Nonfat skim milk

Total RNAs were quantified using Nanodrop (Thermo), mixed to 6X DNA loading buffer (Invitrogen) and then resolved on 3.5% non-denaturing polyacrylamide gels. Samples were wet transferred to a positively charged nylon membrane (GE) in TBE 0.5X at 35V/4°C/overnight. The RNAs were crosslinked to the membrane using 120 mJ/cm² UVC (Stratagene). Membranes were washed in 1X PBS and incubated in the blocking buffer consisted of PBST (1X PBS and 0.1% Tween-20), 5% of non-fat skim milk (Bio-Rad), 50 μg/mL sheared salmon DNA. After 1 hour shaking at RT, blocking buffer was replaced for the primary antibody solution consisting of PBST, 2% non-fat skim milk and 1/6000 of recombinant rabbit anti-dsRNA 9D5 antibody (Absolute antibody). Membranes were incubated for 2 hours shaking at RT, washed with PBST and incubated for 1 hour shaking at RT in the 1/10000 of HPR-linked anti-rabbit antibody (Amersham) solution (1X PBST, 2% non-fat skim milk).
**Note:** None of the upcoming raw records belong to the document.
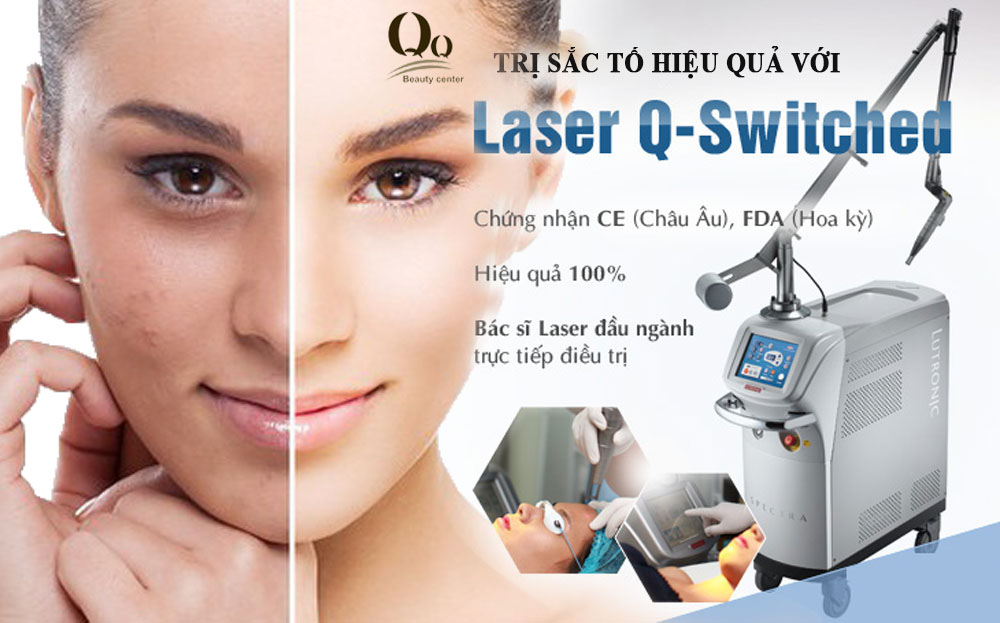 Công nghệ Laser điều trị sắc t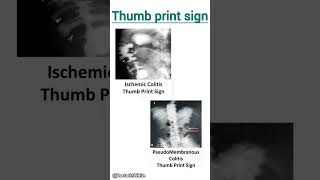 Thumb print sign on xray  viralvideo thumbprint xray [upl. by Charity]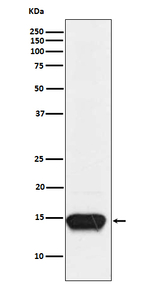 FABP3 Recombinant Rabbit Monoclonal Antibody (K01_3P87)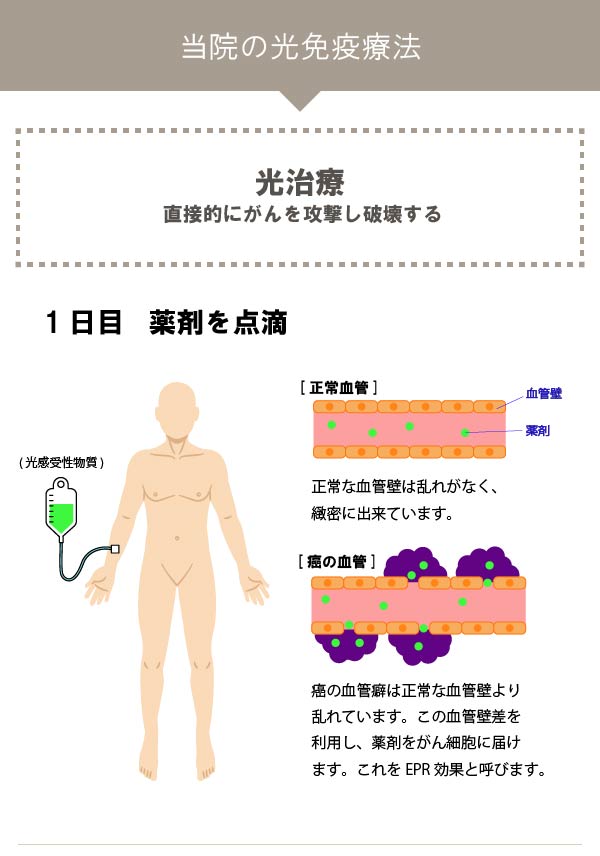 当院の治療方法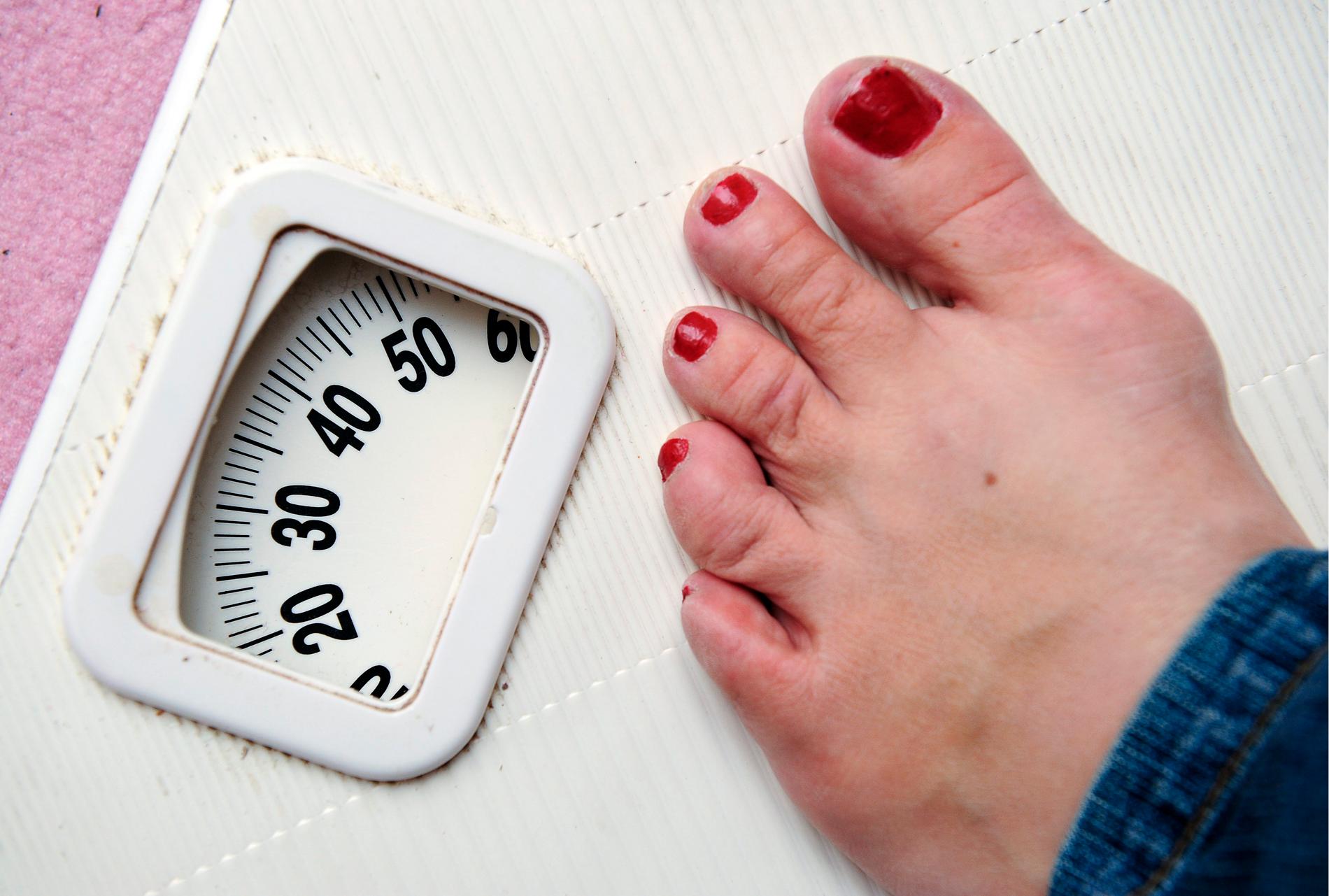 Ätstörningspatienter som väger mer får vänta längre på vård. Arkivbild.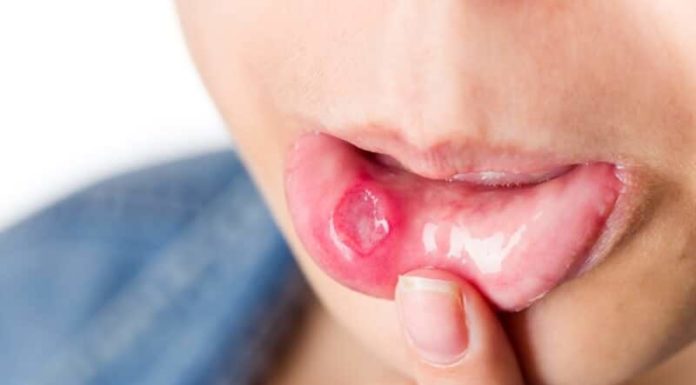 Cure Mouth Ulcers With These Amazing Herbs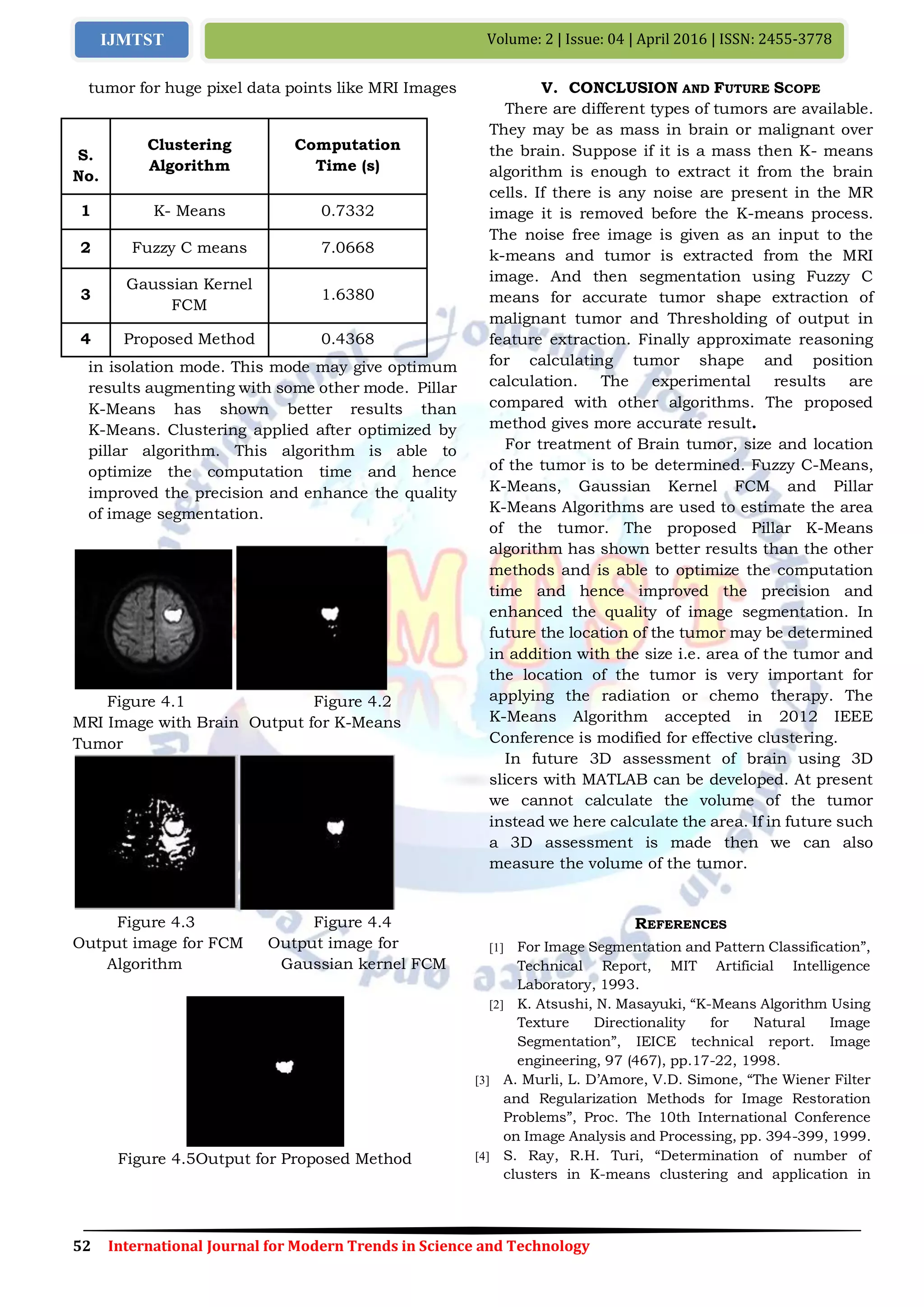 Comparison of Image Segmentation Algorithms for Brain Tumor Detection | PDF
The membranes were washed with PBST and rinsed in 1X PBS. Then, the ECL substrate (GE) was added to blots according to the manufacturer’s recommendations. Chemiluminescent signals were acquired using a Fusion FX7 Image System. Data were analyzed with ImageJ software. dsRNA sizes were estimated based on the pattern of purified dsRNAs from DCV-infected cells in an 1% agarose gel.